- From: Martin Hepp <mfhepp@gmail.com>
- Date: Fri, 24 Jun 2016 00:21:50 +0200
- To: Simon Spero <sesuncedu@gmail.com>, Harry Halpin <hhalpin@ibiblio.org>
- Cc: Semantic Web <semantic-web@w3.org>
I would be very careful to consider the WebDataCommons representative of the Web, because the underlying CommonCrawl includes only a small portion of the detail pages of database-driven Web sites, which often account for a major part of structured data.

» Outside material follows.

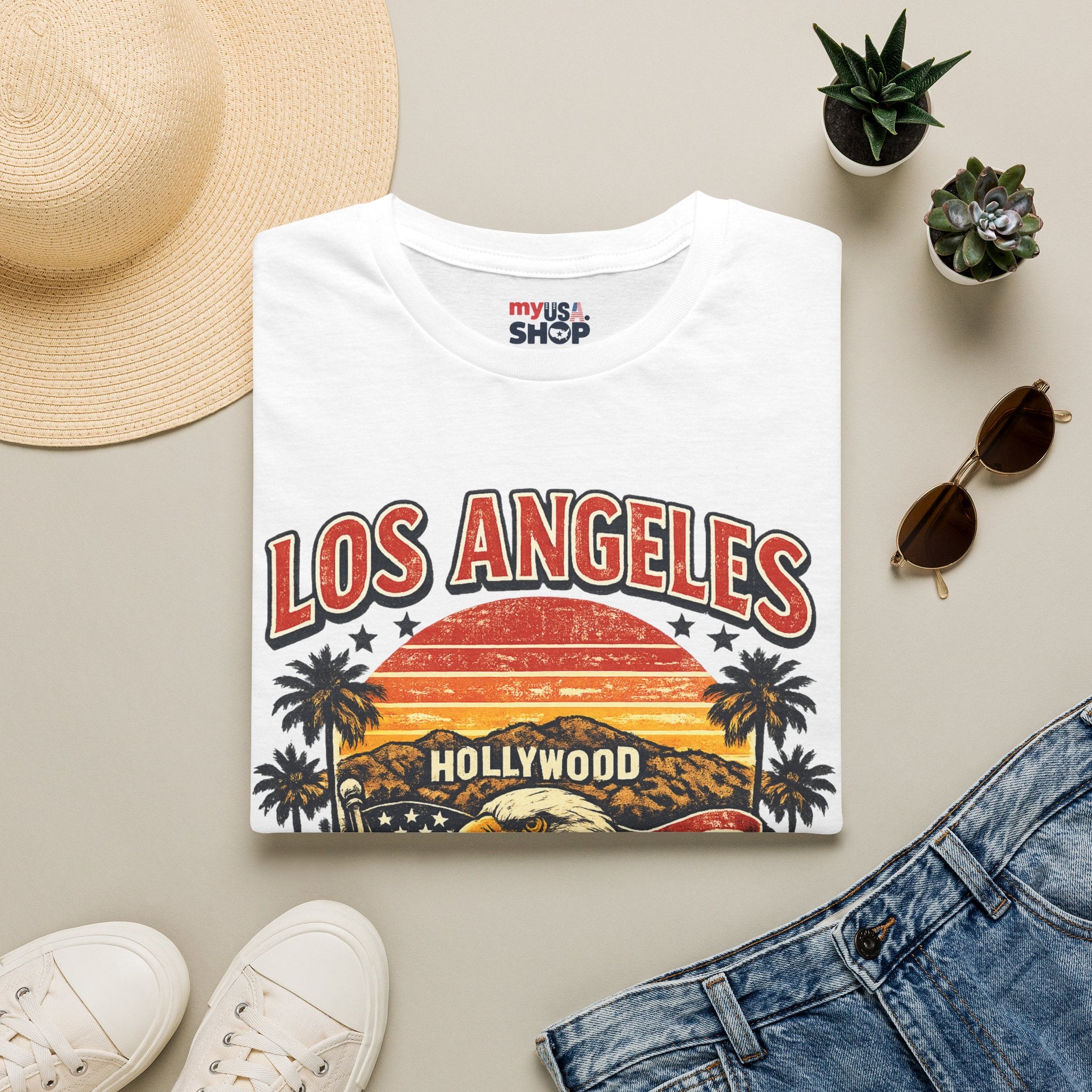 America 250 Vintage Los Angeles Freedom Celebration California Tee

For an analysis in the e-commerce domain, see our COLD2015 paper:
http://www.heppnetz.de/files/commoncrawl-cold2015.pdf
See also the threads
http://lists.w3.org/Archives/Public/public-vocabs/2012Mar/0095.html and
http://lists.w3.org/Archives/Public/public-vocabs/2012Apr/0016.html
But I suspect that the fundamental problem exists in other domains as well.
Martin
-----------------------------------
martin hepp http://www.heppnetz.de
mhepp@computer.org @mfhepp
> On 22 Jun 2016, at 17:47, Simon Spero <sesuncedu@gmail.com> wrote:
>
> This data series is derived from Common Crawl. The most recent extract is from April, using data from November 2015, so whether it is a realistic snapshot of 2016 is a nice question :
>
> http://webdatacommons.org/structureddata/
>
> Simon
>
> On Jun 22, 2016 11:07 AM, "Harry Halpin" <hhalpin@ibiblio.org> wrote:
> Are there any data-sets available that are realistic snapshots of the state of linked data in 2016?
>
> I used to search using Sindice, but it's been down a while.
>
> I see Swoogle is still up (http://swoogle.umbc.edu) but not sure if it's updated its index.
>
> Also, a bunch of triples in the raw would also be fine, ala the BTC (but a recent data-set, at least 2014 or later).
>
> yours,
> harry
>
Received on Thursday, 23 June 2016 22:22:22 UTC